The main reason that scons is cool to me, and the thing that makes
it fundamentally different from make, is the introduction of actual
scoping.
make has a single global scope. This is one of the main reasons that
people write recursive Makefiles; By giving you one file per
directory, you get one scope per directory, which makes it possible to
have per-directory pattern rules, variables, and all that other stuff,
without driving yourself insane.
make‘s awful syntax, confusing varieties of variable,
whitespace-sensitivity, and all the other things that people love to
bitch about are annoying, but to my mind, the single scope that makes
recursive Makefiles the dominant (and, really, the only scalable)
paradigm is the one thing that really sucks.
scons solves this by baking various kinds of scoping into the
tool. scons lets you include sub-build-scripts (typically named
SConscript, by convention). Those scripts run in their own namespace
and can establish their own variables, rules, etc., but the end result
is then merged back into the global rule list (handling sub-directory
paths intelligently), so that the scheduler can work globally, instead
of having to recurse.
Furthermore, because of this explicit scoping, you can pass variables,
including targets, between build files, letting you explicitly set up
cross-directory dependencies or share CFLAGS or other variables,
making it easy for different directories to share exactly as much or
as little configuration as you want.
In addition, scons has the concept of “build environments”, which
are objects that include build rules, variables, and so on. By
reifying what make just represents as the global environment into
objects, it makes it much easier to scope and program things. For
example, if you have a set of targets that should be built using the
global default rules, except with debugging enabled, you can do:
myenv = env.Clone()
myenv.Append(CFLAGS = ['-g'])
myenv.Program(...)
By making it (optionally) explicit which sets of rules and variables
are being used in each place, it becomes much easier to share multiple
kinds of targets and rule sets in a single file, without necessitating
lots of sub-files just for scoping, like make tends to lead to.
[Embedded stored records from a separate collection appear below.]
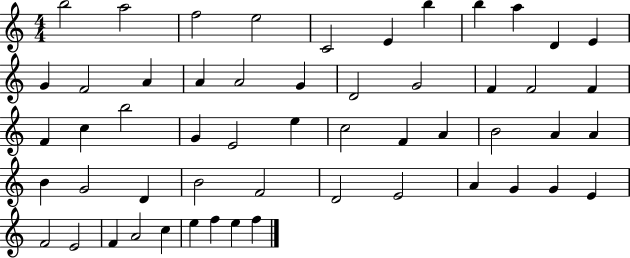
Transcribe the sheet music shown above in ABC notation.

X:1
T:Untitled
M:4/4
L:1/4
K:C
b2 a2 f2 e2 C2 E b b a D E G F2 A A A2 G D2 G2 F F2 F F c b2 G E2 e c2 F A B2 A A B G2 D B2 F2 D2 E2 A G G E F2 E2 F A2 c e f e f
scons is cool for a bunch of reasons. It eliminates most of the
stupid little annoyances you’ve probably had with make. But, in my
mind, this is the thing that makes it cool. They’ve added sane scoping
to the build tool, so that you can construct non-recursive build
systems without going insane.
I’ll definitely be considering scons for any new projects I write going
forward. I hate make, and this definitely feels like a path forward.
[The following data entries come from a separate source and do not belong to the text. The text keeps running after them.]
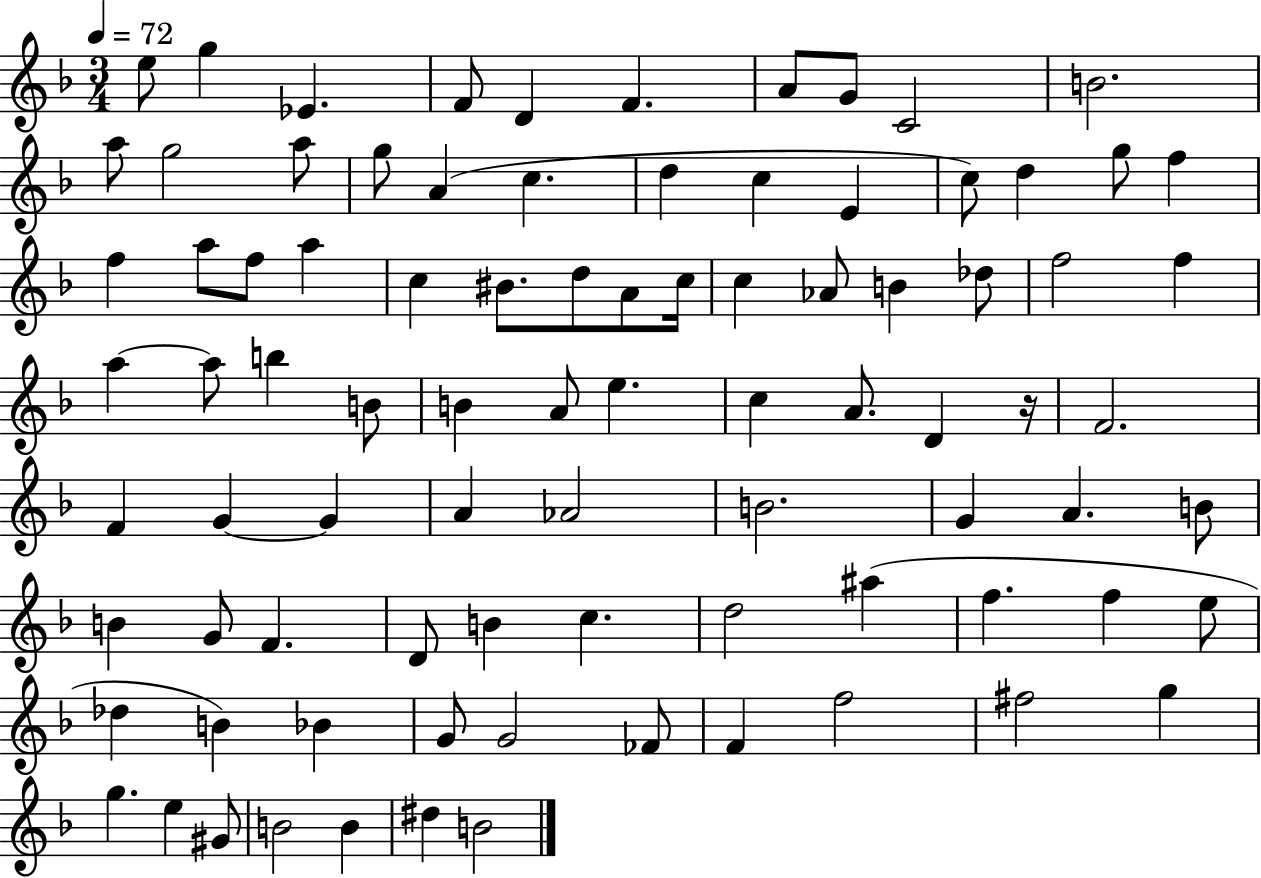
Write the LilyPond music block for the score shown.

{
  \clef treble
  \numericTimeSignature
  \time 3/4
  \key f \major
  \tempo 4 = 72
  \repeat volta 2 { e''8 g''4 ees'4. | f'8 d'4 f'4. | a'8 g'8 c'2 | b'2. | \break a''8 g''2 a''8 | g''8 a'4( c''4. | d''4 c''4 e'4 | c''8) d''4 g''8 f''4 | \break f''4 a''8 f''8 a''4 | c''4 bis'8. d''8 a'8 c''16 | c''4 aes'8 b'4 des''8 | f''2 f''4 | \break a''4~~ a''8 b''4 b'8 | b'4 a'8 e''4. | c''4 a'8. d'4 r16 | f'2. | \break f'4 g'4~~ g'4 | a'4 aes'2 | b'2. | g'4 a'4. b'8 | \break b'4 g'8 f'4. | d'8 b'4 c''4. | d''2 ais''4( | f''4. f''4 e''8 | \break des''4 b'4) bes'4 | g'8 g'2 fes'8 | f'4 f''2 | fis''2 g''4 | \break g''4. e''4 gis'8 | b'2 b'4 | dis''4 b'2 | } \bar "|."
}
So for Mixxx (http://mixxx.org), we use SCons (+3000 lines of SConscript tools, builders, etc), and I’d add one case to your list of “times not to use it” and that’s when your development team doesn’t know or care to learn Python.
Before I rewrote the entire build system to support cross-compilation from Linux to OSX and Windows, the entire SConscript was a giant mess of spaghetti code, mixes of tabs and spaces / indentation levels and totally wrong Python constructs.
Another problem with SCons is that having a general purpose language is way too open ended. There’s no well-defined place for anything, it’s all by convention. This got us into serious trouble. Our solution today is to basically have a configuration system built on top of SCons that forces people who use it to organize things well.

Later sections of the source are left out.